The combination of quantitative metrics and visual comparisons confirms the potential of transformer architectures in this domain. Notably, CCT-14/7 x 1-3-256 performs on par with - or even surpasses - the traditional convolutional ResNet18 encoder, both in terms of visual quality and metric performance, while using four times fewer parameters.
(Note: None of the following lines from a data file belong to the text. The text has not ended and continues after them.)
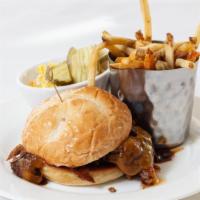 Beef Brisket Sandwich · House Smoked Beef Brisket, Cheddar Cheese
Chipotle Molasses Barbeque Sauce, Coleslaw, Dill P...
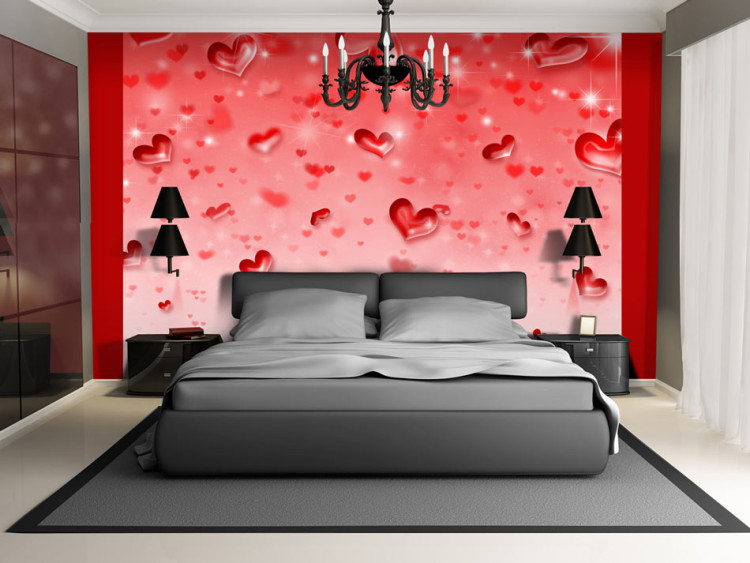 Wall Mural Love charm - abstract with red hearts motif on pink background 96880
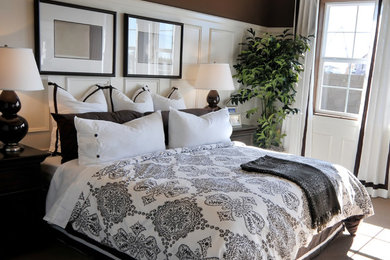 Inspiration for a mid-sized timeless carpeted and brown floor bedroom remodel in San Francisco with red walls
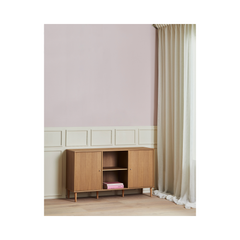 Låg sideboard i ek med öppna hyllor, mot ljusrosa vägg med panel och vita, skira gardiner.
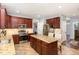 Well-appointed kitchen features cherry cabinets, granite countertops, and a center island with seating at 6020 Jones Farm Rd, Wake Forest, NC 27587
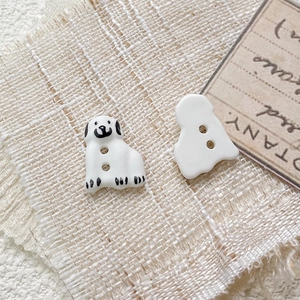Macro detail of hand-painted ceramic dalmatian puppy beads with dual-hole design for DIY crafts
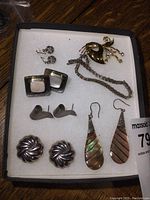 Full set of sterling silver jewelry in a box including earrings, bracelet, and brooch arranged flat on white padding.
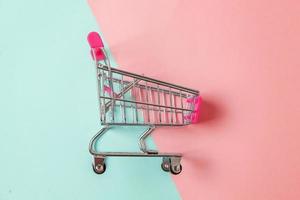 Small supermarket grocery push cart for shopping toy with wheels isolated on blue and pink pastel colorful paper trendy geometric background Copy space. Sale buy mall market shop consumer concept. photo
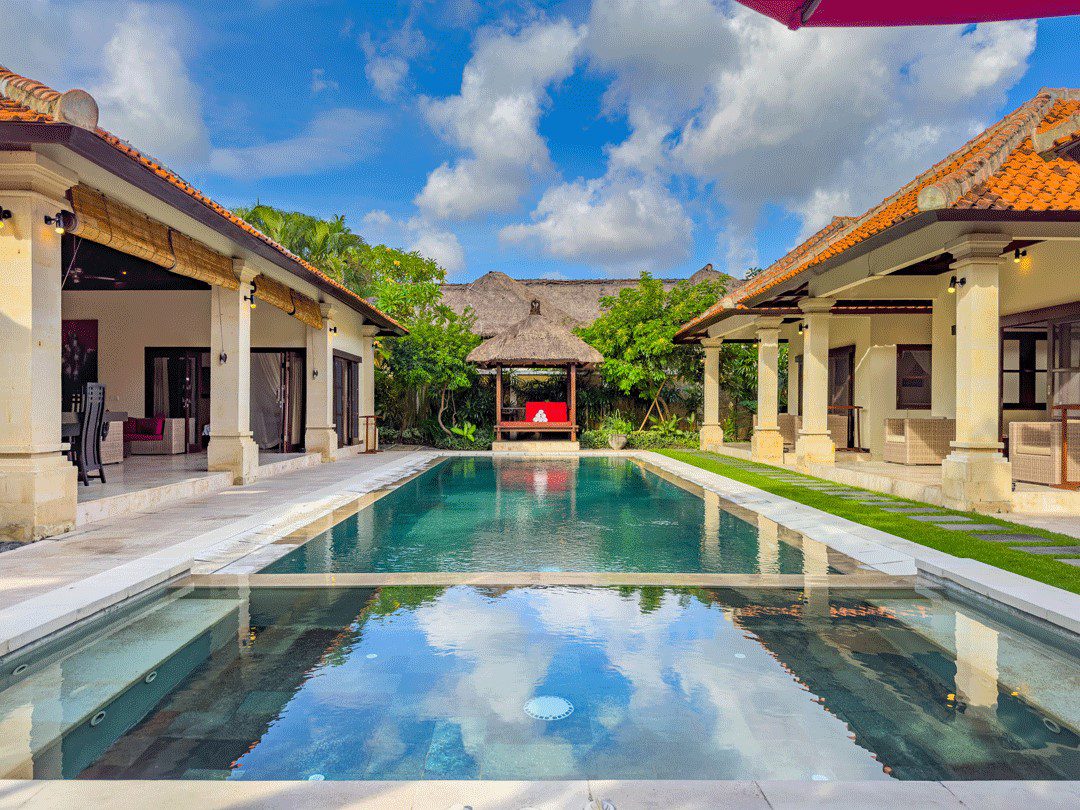 Bright daytime view of the main poolside deck at Villa Santi Seminyak by Villa Bugis Seminyak villas, showcasing a clear blue pool surrounded by exotic greenery.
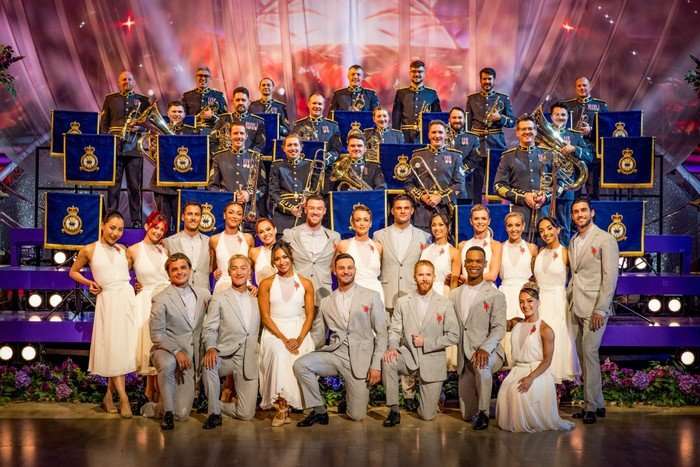 The Strictly Come Dancing professionals in two rows, some knelt down and others stood up, smiling ahead as they pose.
These findings suggest strong prospects for future research and improvements. For instance, some studies have proposed distillation techniques between convolutional and transformer-based models using attention mechanisms [22], which result in highly efficient and precise transformer models. This approach could be applied not only between image-trained convolutional and transformer encoders but also with convolutional encoders trained directly on 3D data, such as voxel-based representations. Other research addresses training under data-scarce conditions [23], and we believe such techniques could enhance model robustness and generalization in any training setup.

3. Conclusion

In this paper, we investigated the feasibility of using transformers to generate 3D polygonal meshes from a single object image. The transformer model is used to generate an object vector, which is then passed to a BSP-based decoder to construct the final 3D mesh. As the transformer encoder, we adopted the Compact Convolutional Transformer (CCT), which is well-suited for image-based tasks.
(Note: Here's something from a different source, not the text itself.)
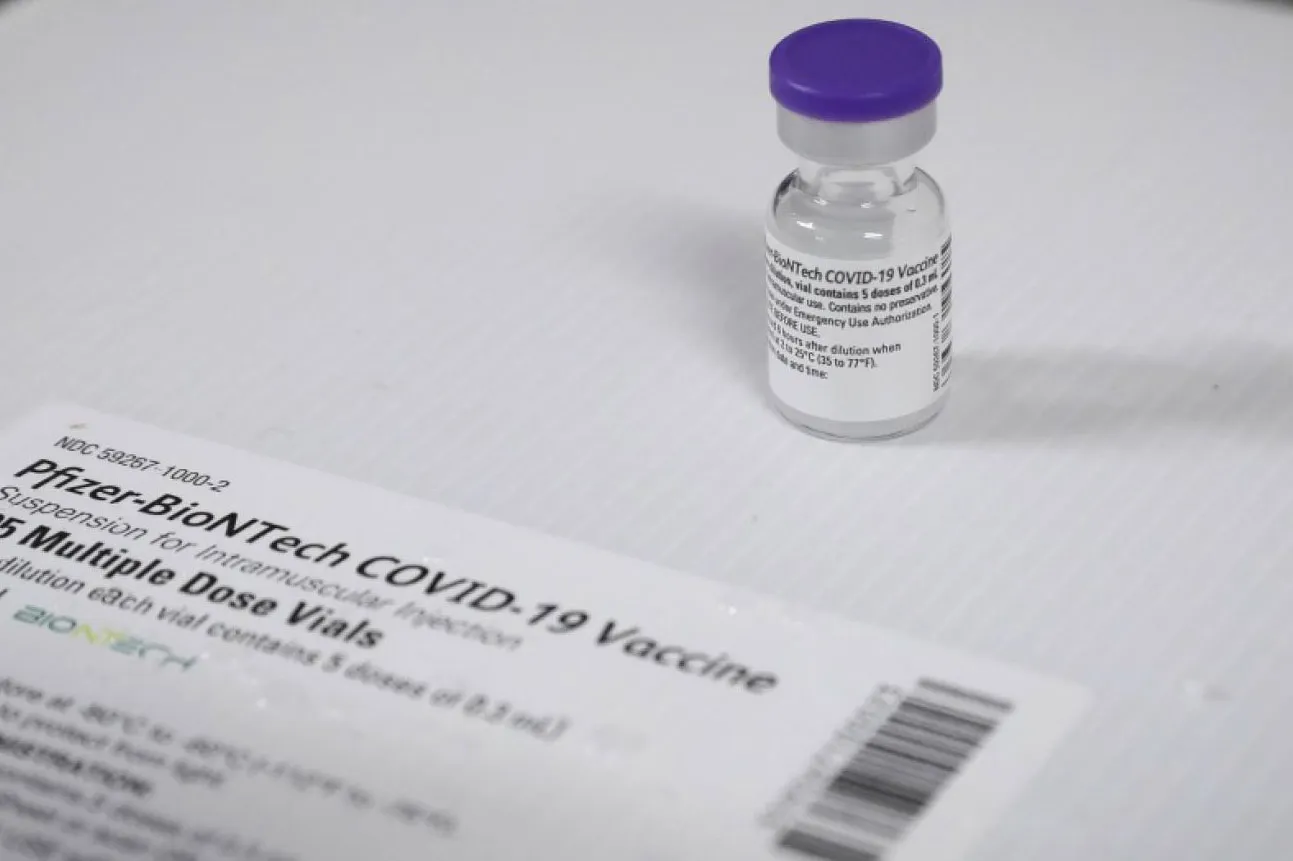 Fotografía de un vial de la vacuna de Pfizer junto a un papel con indicaciones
Our experiments demonstrate that CCT-based transformer architectures can deliver comparable – and with certain configurations, superior – results to traditional convolutional networks, while requiring significantly fewer parameters. Several CCT variants were evaluated, including CCT-14/7 x 1-3-256, CCT-14/7 x 2-3-256, CCT-28/7 x 2-4-256, CCT-18/7 x 2-4-384, and CCT-18/7 x 2-4-384-v1, to analyze the impact of architectural choices, particularly the number of input features and tokenizer configuration. The best-performing CCT model, CCT-14/7 x 1-3-256, achieved a Chamfer Distance (CD) of 1.59 and a Light Field Distance (LFD) of 3907, compared to the ResNet18 baseline's CD of 1.64 and LFD of 3981. Visual analysis of test samples further confirmed the quantitative results, showing that CCT-14/7 x 1-3-256 produces cleaner and more accurate 3D reconstructions compared to ResNet18, with fewer artifacts and better surface quality. This shows that the transformer model not only competes in output quality but also does so with four times fewer parameters, highlighting its parameter efficiency. However, this parameter efficiency comes with increased computational costs, as the CCT model requires approximately two times more Multiply-Accumulate operations (MACs) and significantly longer training times – up to 139 hours compared to 10 hours for ResNet18.
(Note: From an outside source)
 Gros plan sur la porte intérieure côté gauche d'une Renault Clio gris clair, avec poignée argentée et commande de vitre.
With continued research and refinement, we believe that transformer-based models can achieve even better results. The rapid advancement of transformer techniques has already introduced many simple yet powerful improvements, opening promising directions for future exploration in 3D reconstruction and beyond. For instance, distillation techniques between convolutional and transformer-based models [22] and methods for training under data-scarce conditions [23] could further enhance model performance and robustness. The parameter efficiency and superior quality results compared to CNN models demonstrated by applying the existing CCT architecture to our 3D reconstruction task suggest potential applications in specialized imaging systems, such as single-pixel imaging methods where parameter efficiency and quality is crucial [24, 25]. Furthermore, the compact nature of the CCT architecture makes it particularly suitable for deployment in real-world computer vision systems, including quality inspection applications [26], agricultural monitoring and weed detection [27], structural defect assessment [28], mobile robotics navigation [29], and real-time object detection on resource-constrained devices [30]. These applications would benefit from the parameter efficiency, which correlates with reduced computational requirements, while maintaining the high reconstruction quality that our adapted transformer-based approach demonstrates.

Acknowledgements

The research was carried out within the state assignment theme FSSS-2023-0006.